--- Raw data ---

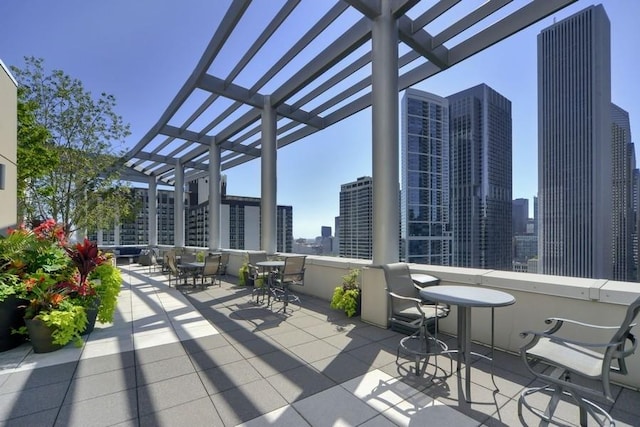 view of patio with outdoor dining area, a city view, and a pergola
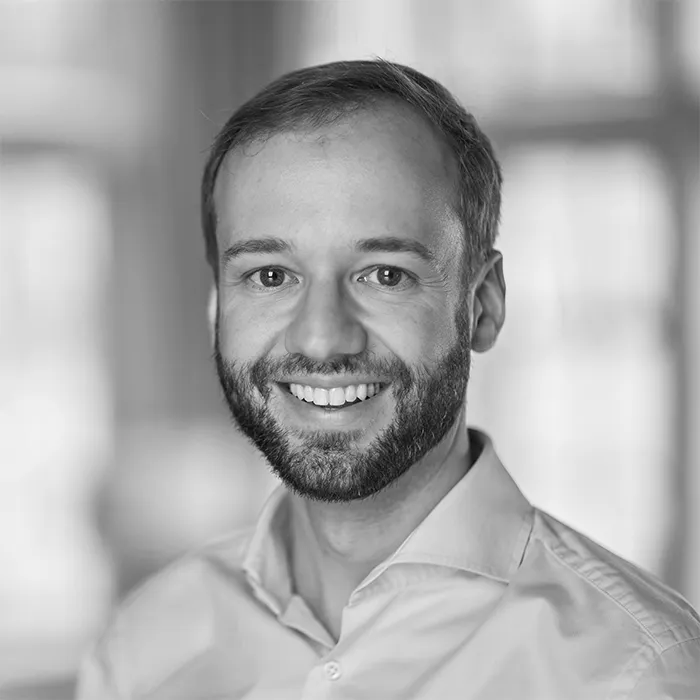 Professional black-and-white headshot of a smiling man with beard and collared shirt.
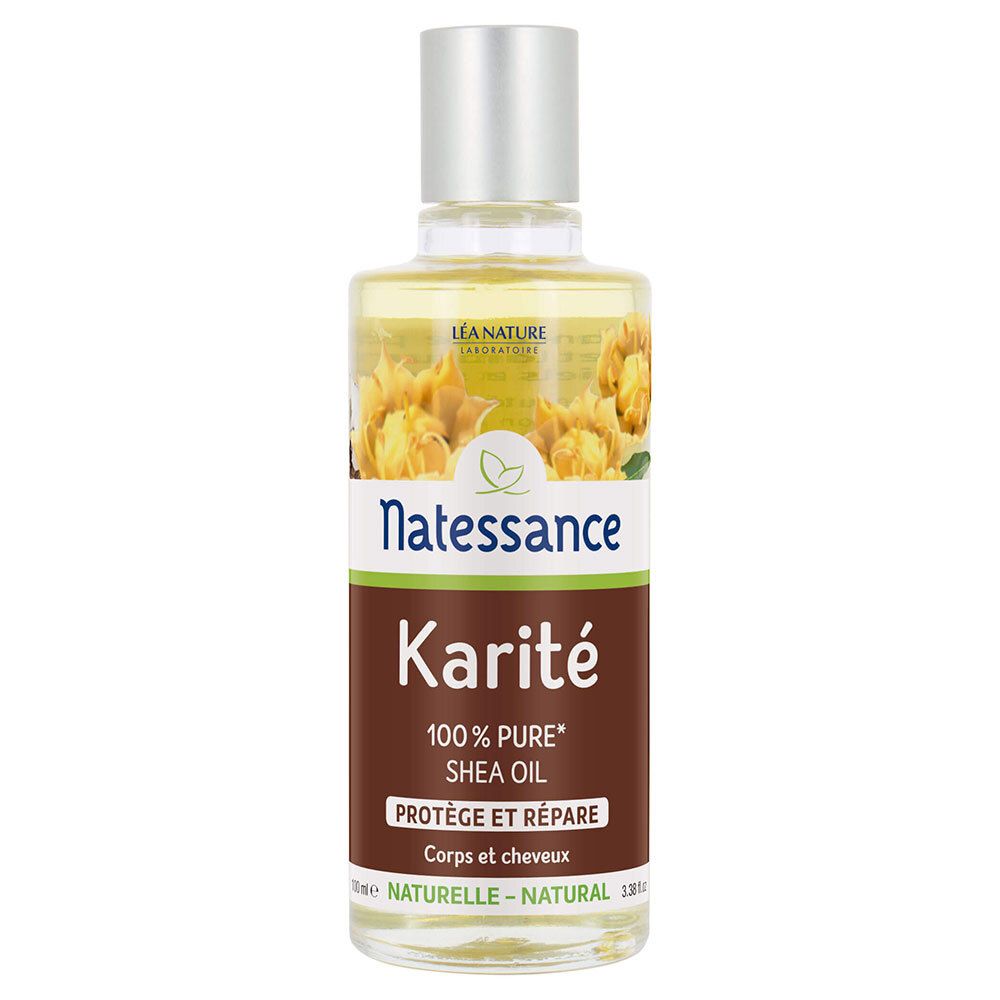 Transparante glazen fles met zilveren dop. Etiket met "Natessance Karité" en "100% Pure Shea Oil".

---

» Your objective
Leave out every picture and copy verbatim the lines running from the line containing "Professional black-and-white headshot" through the final line of the data.

» Solution to the problem
 Professional black-and-white headshot of a smiling man with beard and collared shirt.
 Transparante glazen fles met zilveren dop. Etiket met "Natessance Karité" en "100% Pure Shea Oil".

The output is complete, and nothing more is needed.